Related Work & Insights¶
- vs. Air-Bench (Zeng et al., 2024): The latter constructs a taxonomy from regulations and synthesizes cases via LLMs (5,694 instances), whereas this work directly collects real-world cases from the Web (106,009 instances), representing a qualitative leap in both scale and authenticity.
- vs.
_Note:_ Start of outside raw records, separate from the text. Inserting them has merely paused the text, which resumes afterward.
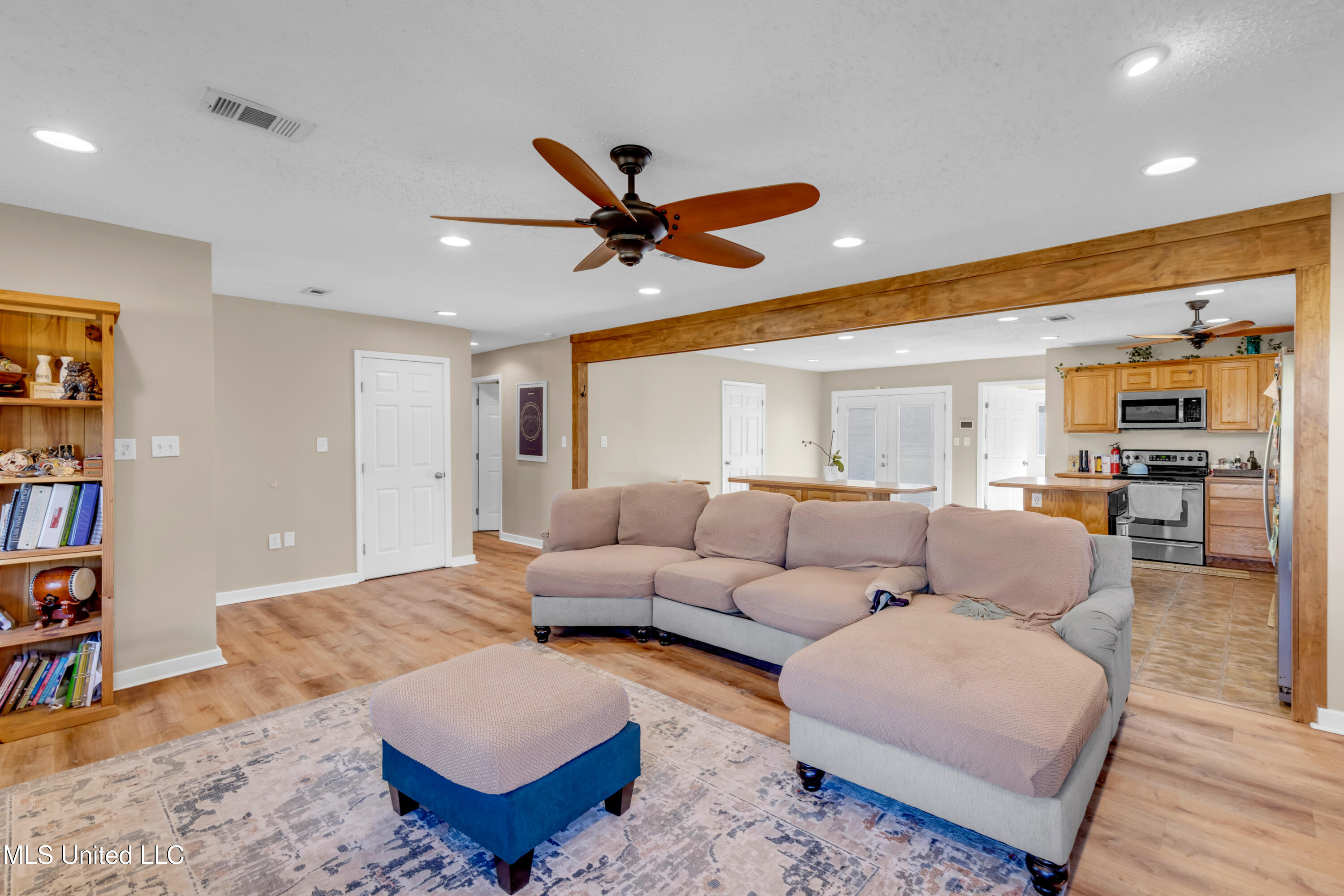 11340 County Farm Road Property Photo 8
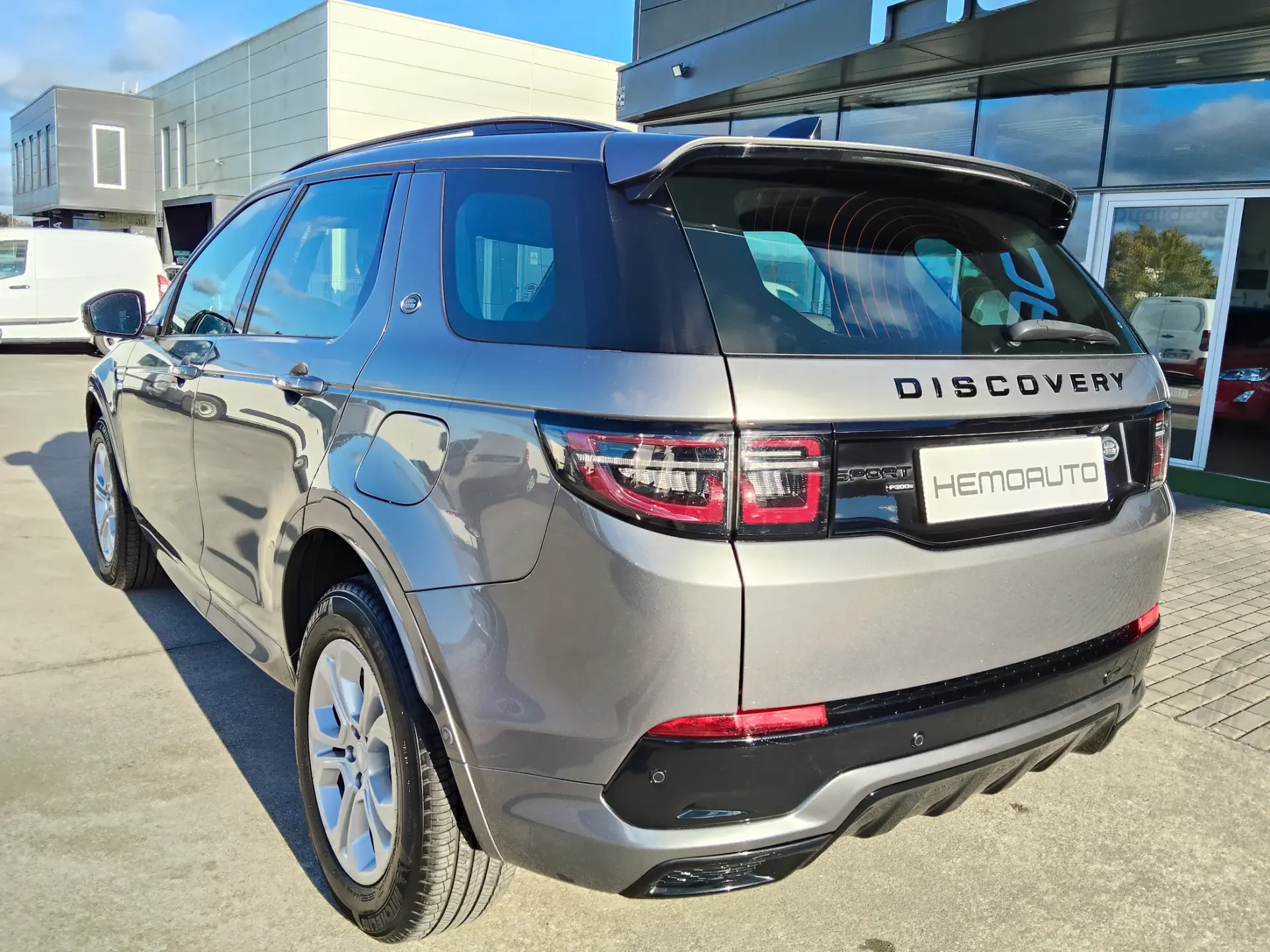 Land Rover Discovery Sport P300e AWD Dynamic SE 11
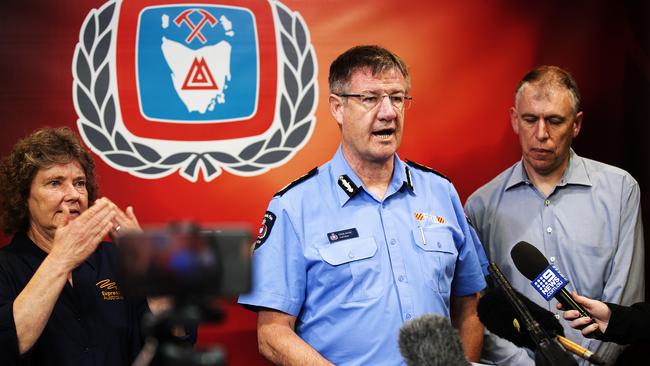 Chief Officer Chris Arnol during a fire briefing at TFS headquarters at Hobart. PICTURE CHRIS KIDD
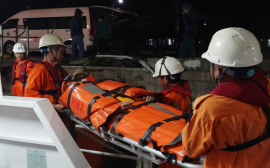 Tàu đắm ngoài khơi biển Quảng Nam, 7 người được cứu sống, 1 người vẫn chưa rõ tung tích
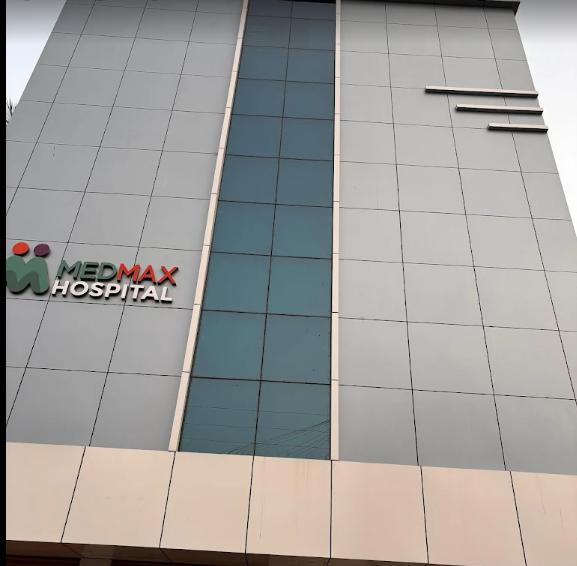 MedMax Hospital building and signage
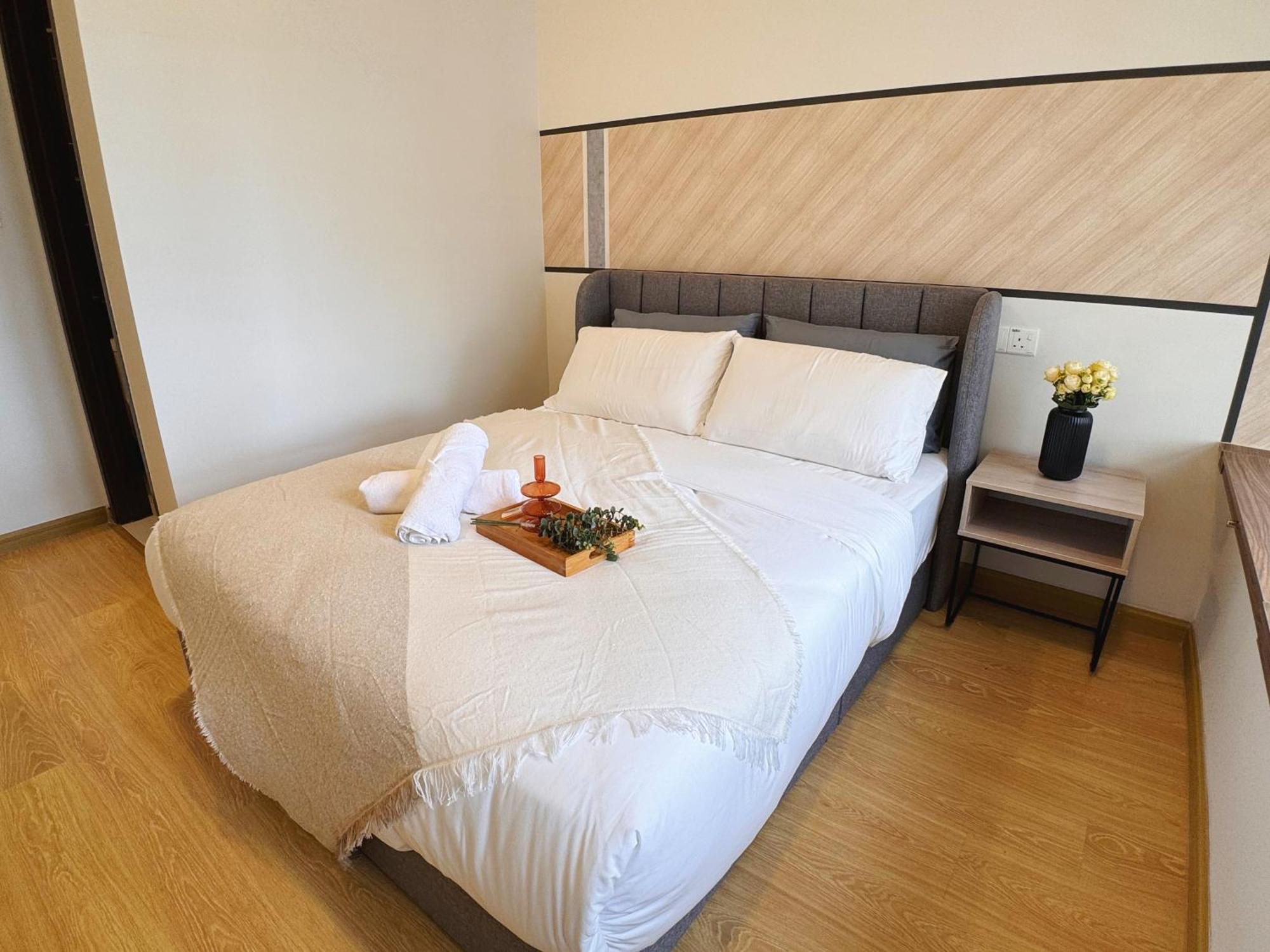 Muji Full Seaview Royal With 2carparks Foc Netflix Access And Youtube Premium 3beds 3bath For 6-12pax By Minshuku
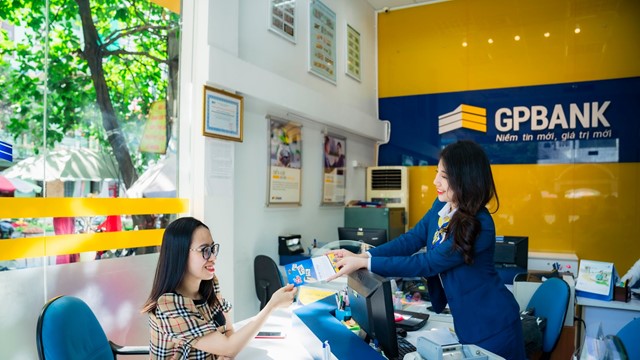 Ngân hàng đầu tiên tăng lãi suất tháng 10/2025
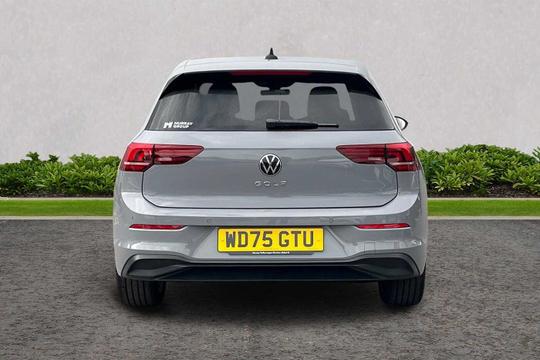 Volkswagen Golf Photo modix-5cab72cd5ca4ee13974a0b22a4119274b74011c9.jpg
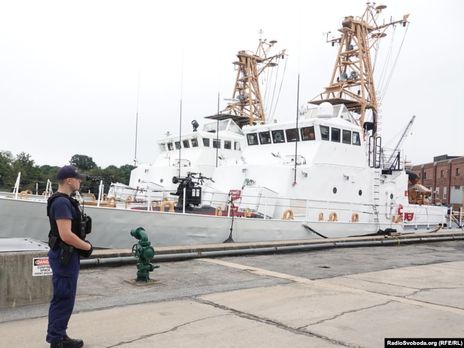 Украинские моряки прибыли в США учиться управлять катерами Island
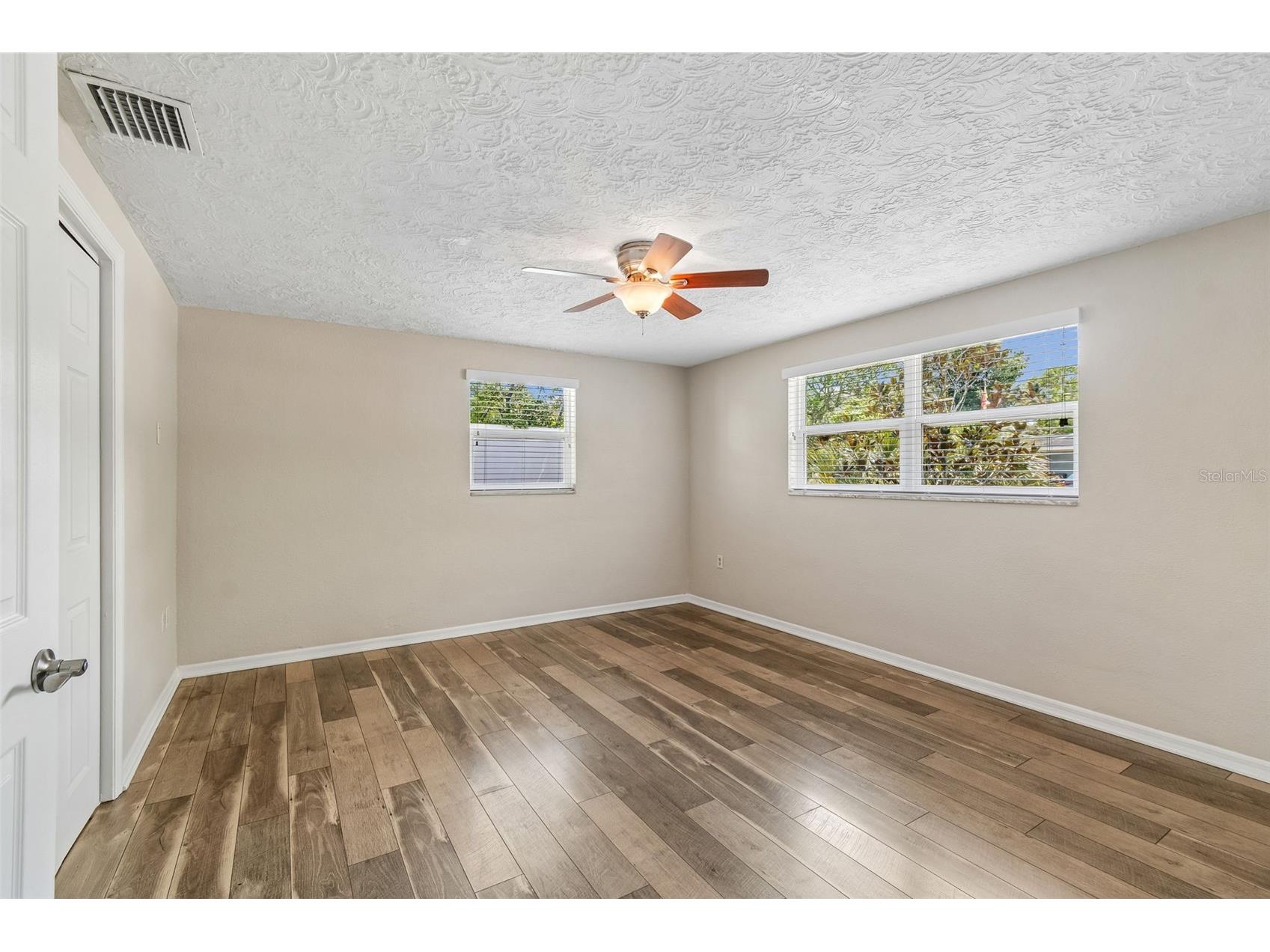 6201 Silver Drive New Port Richey FL 34653 TB8495411 image30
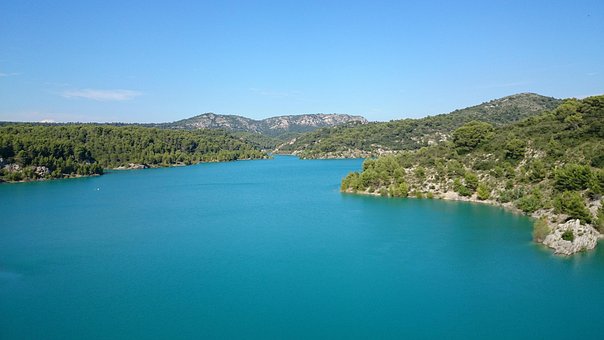 Free Lake Hiking photo and picture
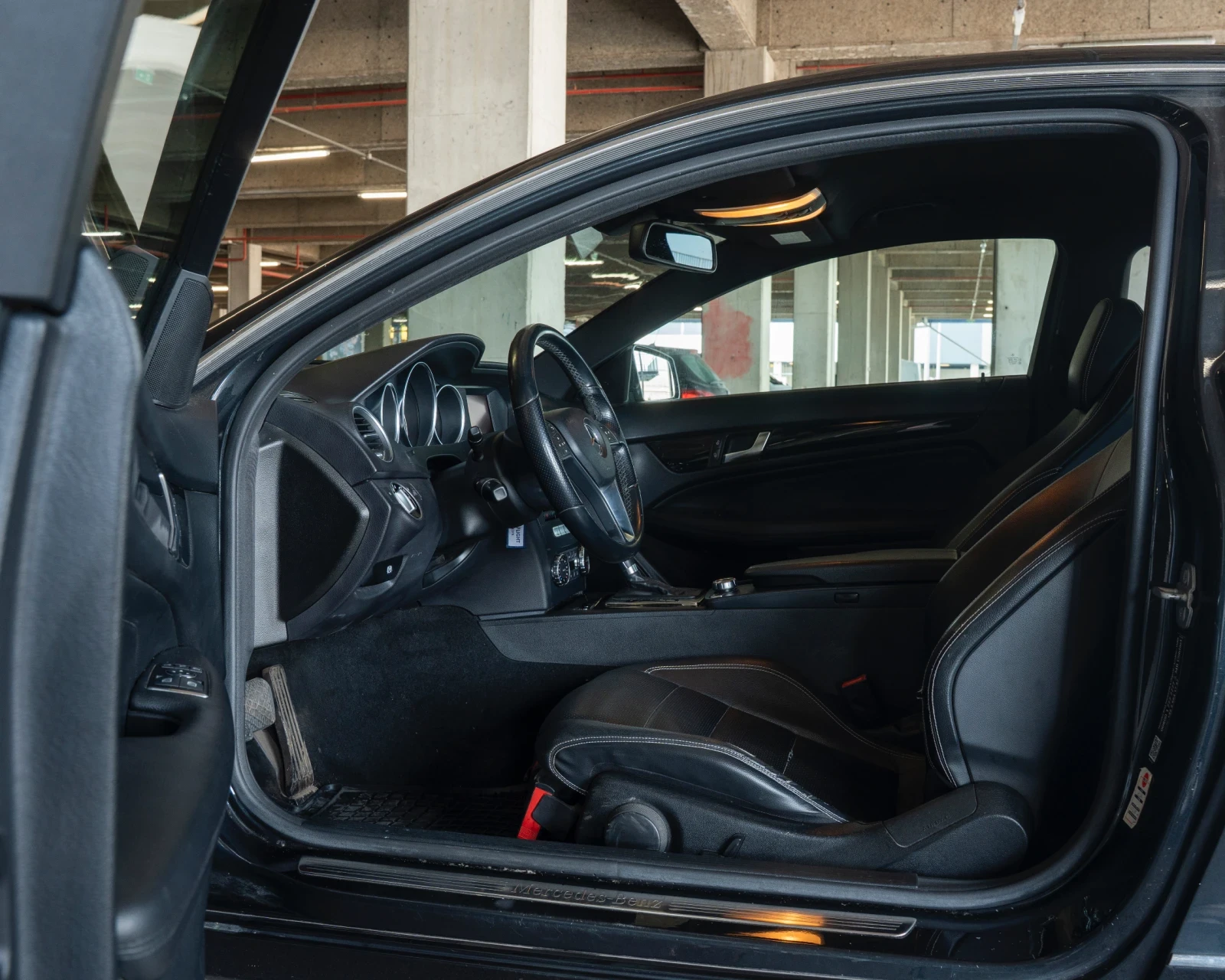 Mercedes-Benz C 220, снимка 8 - Автомобили и джипове - 54185411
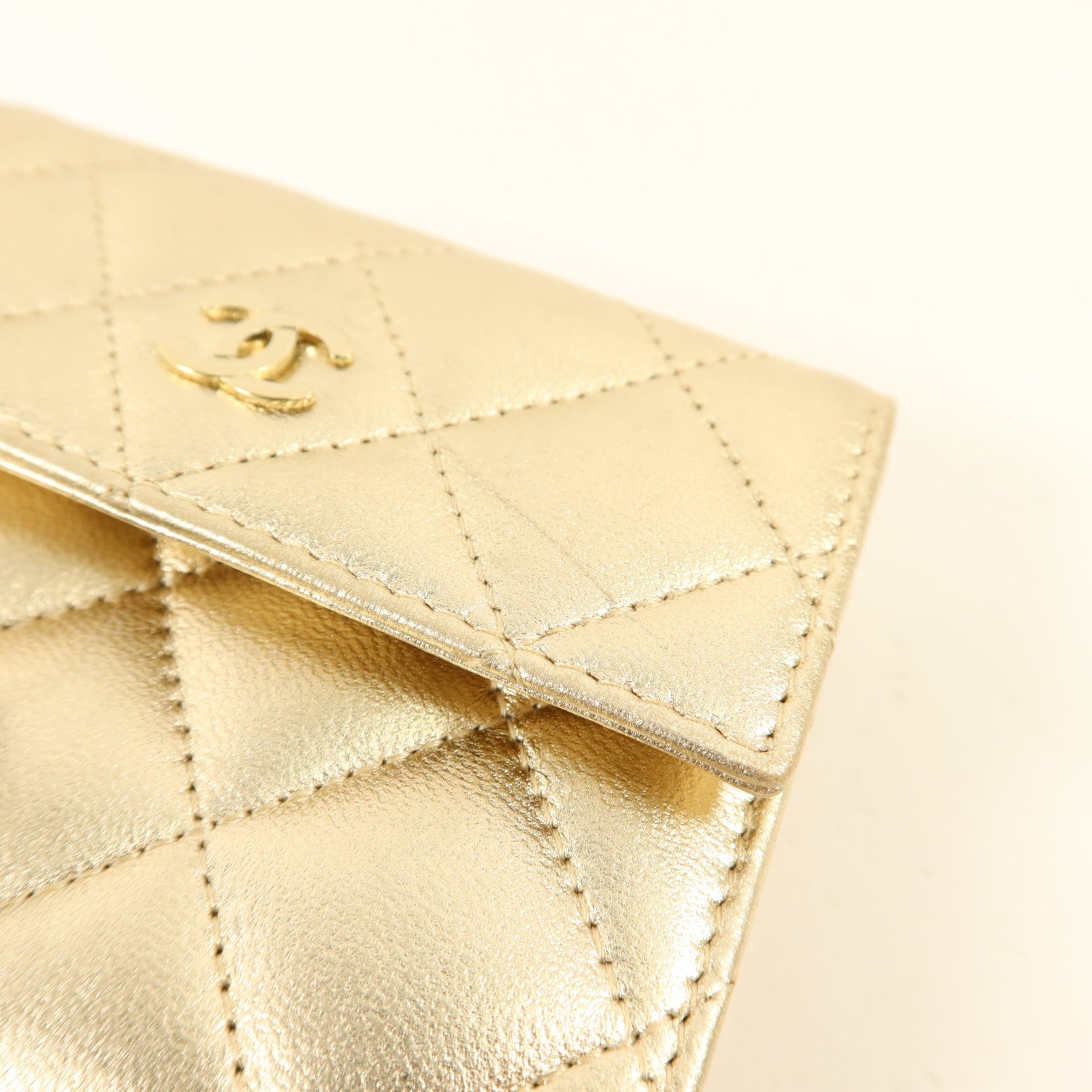 CHANEL 牛皮皮革Bifold Wallet金扣錢包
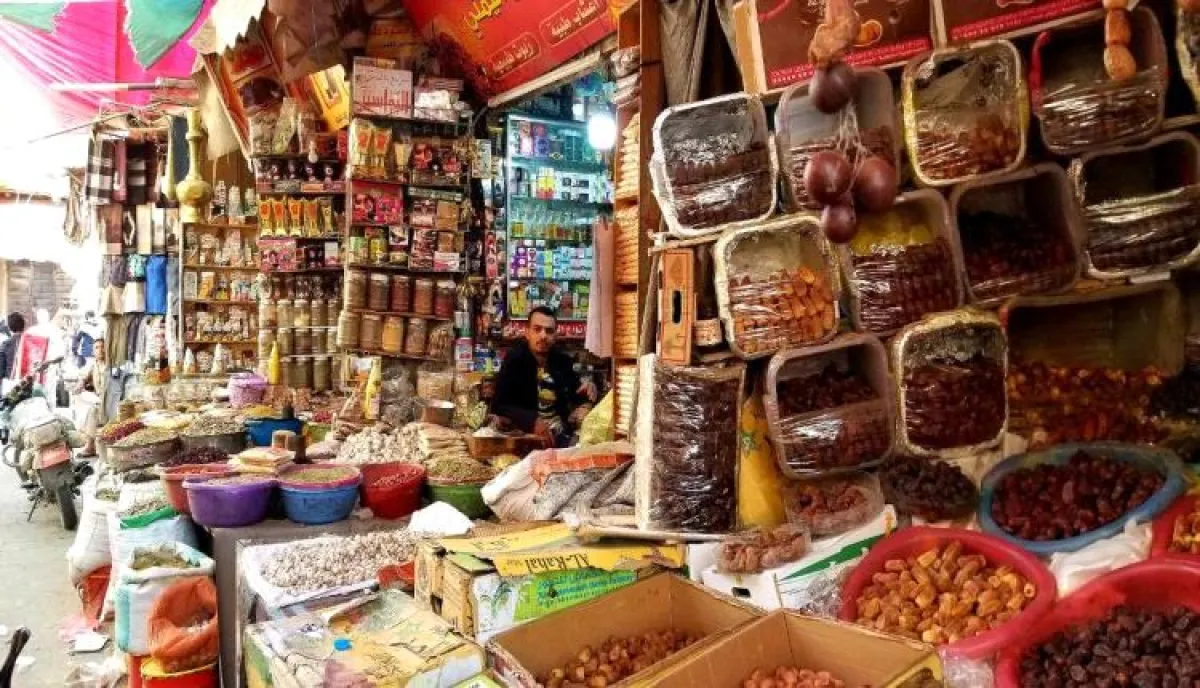 سخر من البشائر" الرسمية .. أكاديمي ينتقد خطاب "وفرة السلع" في صنعاء: الأسواق الممتلئة لا تُطعم موظفاً بلا راتب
GuardSet-X (Kang et al., 2025): The latter is larger in scale (129,241 synthetic cases) but entirely LLM-generated, lacking real-world diversity. This work addresses that gap with genuine cases.
- vs. PrivaCI-Bench (Li et al., 2025): The latter contains ~3,000 real court cases but is limited to the privacy domain; this work spans 9 domains with stricter rule alignment.
Rating¶
- Novelty: ⭐⭐⭐⭐ First large-scale real-world-case safety compliance dataset; the Web search agent collection pipeline is innovative.
- Experimental Thoroughness: ⭐⭐⭐⭐⭐ Comprehensive benchmarking of 18 models, multi-dimensional analysis, and dual LLM+human validation of rule–case alignment.
- Writing Quality: ⭐⭐⭐⭐ Dataset construction process is clearly described; experimental findings are well-organized.
- Value: ⭐⭐⭐⭐⭐ Fills a critical gap in real-world safety compliance data, with direct implications for safety alignment research and practice.